Renewed uncertainty about Fed rate cuts triggered by hotter-than-expected inflation readings as well as escalating tensions in the Middle East, catalyzed the Dollar's massive climb during the week ended April 12. The U.S. dollar gained against the euro, the British pound, the Australian dollar as well as the Japanese Yen.

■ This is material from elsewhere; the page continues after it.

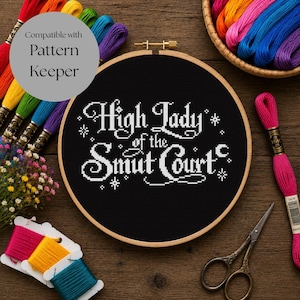 May include: A round wooden embroidery hoop containing black fabric with white cross-stitched text that reads High Lady of the Smut Court, surrounded by colorful embroidery floss, a pair of metal scissors, and a small bouquet of flowers.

The Dollar Index, which measures the Dollar's strength against a basket of 6 currencies also surged during the week.

The Dollar Index or DXY added 1.65 percent during the week ended April 12. The Index which was at 104.29 on April 5 rallied over the course of the week to close at 106.01. The week's trading range was slightly wider, with a low of 103.88 recorded on Tuesday and a 5-month high of 106.11 recorded on Friday.

Data released on Wednesday had showed the headline annual consumer price inflation in the U.S. jumping to 3.5 percent in March, from 3.2 percent in February, surpassing expectations of a reading of 3.4 percent. The core component thereof which was expected to fall to 3.7 percent, however remained steady at 3.8 percent. Inflation as well as core inflation on a month-on-month basis which was seen edging down to 0.3 percent, remained steady at 0.4 percent.

The Minutes of the Federal Open Market Committee held in mid-March which was also released on Wednesday revealed members not considering it appropriate to reduce rates until they had gained confidence that inflation was moving sustainably toward 2 percent.

Despite Fed Chair Jerome Powell's earlier hints of three rate cuts in 2024, markets drastically scaled back rate cut expectations in the backdrop of sticky inflation, helping lift the Dollar. A less-than-expected reading of producer prices did not have much effect on the Dollar's climb as markets digested the Fed's hints that a rate cut was not imminent.

The CME FedWatch tool that tracks the expectations of interest rate traders evidenced this change over the course of the week spanning April 8 to 12. The probability of a Fed rate cut in the review scheduled for mid-June dropped to 28 percent on April 12 from 51 percent on April 8. Likewise, rate-cut expectations for the July review dropped to 57 percent on April 12, from 70 percent on April 8. Whereas markets had on April 8 expected an 88-percent chance for a September rate cut, it declined to 77 percent by April 12.

The EUR/USD pair slipped 1.78 percent during the week ended April 12 amidst a sharp contrast in the monetary policy outlook by the Federal Reserve and the European Central Bank. The ECB in its decision announced on Thursday held rates steady while also acknowledging the effect of past interest rate increases that continued to weigh on demand and helped push down inflation. The firm rate cut hints by the ECB contrasted with the caution sounded in the recent Fed minutes, dragging down the euro. The pair slipped to 1.0642 from 1.0835 a week earlier. The weekly trading ranged between 1.0886 and 1.0622.

Amidst the greenback's strength, driven by the Fed's hawkish monetary policy outlook, the sterling plunged 1.47 percent during the week ended April 12. The GBP/USD pair declined to 1.2450 on April 12, from 1.2636 a week earlier. The sterling's weekly trading range was between $1.2711 and $1.2425. Data released on Friday had shown the U.K. economy expanded as expected by 0.1 percent in February, versus 0.3 percent in January.

The Aussie also could not withstand the Dollar's might powered by hawkish monetary policy outlook, slipping 1.75 percent against the greenback during the week spanning April 5 to 12. From the level of 0.6578 recorded on April 5, the AUD/USD pair dropped to 0.6463. The pair touched a high of 0.6646 on Tuesday and a low of 0.6456 on Friday. Data released on Monday had shown a downtick in the consumer confidence indicator and an uptick in the business confidence indicator.

The Japanese Yen slipped to a 34-year low against the U.S. Dollar in the backdrop of hotter-than-expected inflation readings in the U.S. The pair breached the psychological level of 153 during the week ended April 12, to close at 153.28 on Friday versus 151.61 on April 5. The pair climbed from a low of 151.56 on Monday to a high of 153.40 on Friday triggering widespread speculation about a regulatory intervention in the currency markets.

Amidst an easing in the geopolitical tensions in the Middle East and a higher-than-expected retail sales reading from the U.S, the Dollar Index has eased to 105.94. The EUR/USD pair has edged up to 1.0646 whereas the GBP/USD pair has increased to 1.2479. The AUD/USD pair has also gained to touch 0.6475. Amidst the yen's weakness, the USD/JPY pair has increased further to 154.30.